636.7
Transactional Autopoiesis: A Pragmatist Lens on Maturana’s and Luhmann’s Theories of Language.

Tuesday, 17 July 2018
Location: 206A (MTCC NORTH BUILDING)
Distributed Paper
Monica SANCHEZ-FLORES, Thompson Rivers University, Canada
It has been proposed that the Dewyan notion of transaction ought to be reconstructed in light of the theory of autopoiesis (McReynolds, 2017). This theory was originally developed by biologists Humberto Maturana and Francisco Varela, and later embraced by sociologist Niklas Luhmann. I argue that looking at transaction through the lens of autopoiesis allows for a clearer definition of the processes whereby the knower and the known are mutually constitutive of one another, and I focus on the realm of language. According to Maturana and Varela, living systems are organizationally closed and structurally coupled to their environment at the same time (synchronically). Their closure allows them to react to outside triggers on the basis of their inner constitution; their coupling permits what can be interpreted as co-constitutive transaction. In this paper, I explain Maturana’s theory of linguistic autopoiesis and how it converges with Luhmann’s theory of language where social systems are construed as a nexus of communications, autonomous from conscious direction.
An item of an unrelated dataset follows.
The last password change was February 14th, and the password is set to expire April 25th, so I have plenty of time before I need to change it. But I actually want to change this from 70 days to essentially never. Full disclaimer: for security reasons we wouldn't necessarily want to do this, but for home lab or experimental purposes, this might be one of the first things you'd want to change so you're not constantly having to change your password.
I criticize his functionalist interpretation, but also rescue his explanation of the production of meaning in demotic (descriptive) language structures, most legitimate in modern communication—but not the only language structure that humans use. Maturana says that human beings distinctively create a separate domain of language (organizationally closed) that is structurally coupled and sustained autopoietically by a complex network of human physiology, experience, habits, and emotion. Thus language can be seen as a system that displays growth in a transactional autopoietic co-constitutive relationship with human beings and their environment.